Derbyshire, Yorkshire, Lancashire

Thick (c 1½ins) soft biscuit of wheatflour and oatmeal with butter, dark sugar, candied peel, ginger and coriander seeds. Similar to the modern flapjacks

The name may come from the Old English 'theorf' meaning plain or unprocessed or unleavened, in which sense it appears in the Lindisfarne Gospels of 950AD. It has also been recorded as Tharf-kyek, Thaaf-keahyk, Thaf-kyek, Tharth-kyek, Thaugh-cyek, Thor Cake and Tharfy. It is possibly related to Harcake and to Parkin.

'Thor Cakes'

Tharf Cake has a strong association with Halloween, from which it has become transferred, like many old customs, to November 5th.

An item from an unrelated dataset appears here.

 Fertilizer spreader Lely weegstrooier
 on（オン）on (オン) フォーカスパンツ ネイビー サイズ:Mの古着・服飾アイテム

Lancashire Evening Post - Tuesday 01 November 1904

Original receipt adapted from Peakland Heritage

A number of villages had 'Tharf Cake Joinings' on Bonfire Night, 5 November. Some recipes were baked in cake tins about 2 in (5cm) deep, but this version makes a kind of biscuit:

Half a pound (230g) each of oatmeal, self-raising flour and sugar
6 oz (170g) black treacle
6 oz (170g) butter
1 oz (30g) candied peel
1 teasp baking powder
Pinches of ground ginger, salt and coriander seeds

Well grease a baking tray. Rub the butter into the dry ingredients and add the warmed treacle. Knead lightly before rolling out and cutting into thin rounds. Bake for about 10 minutes at 375F, 190C gas mark 5.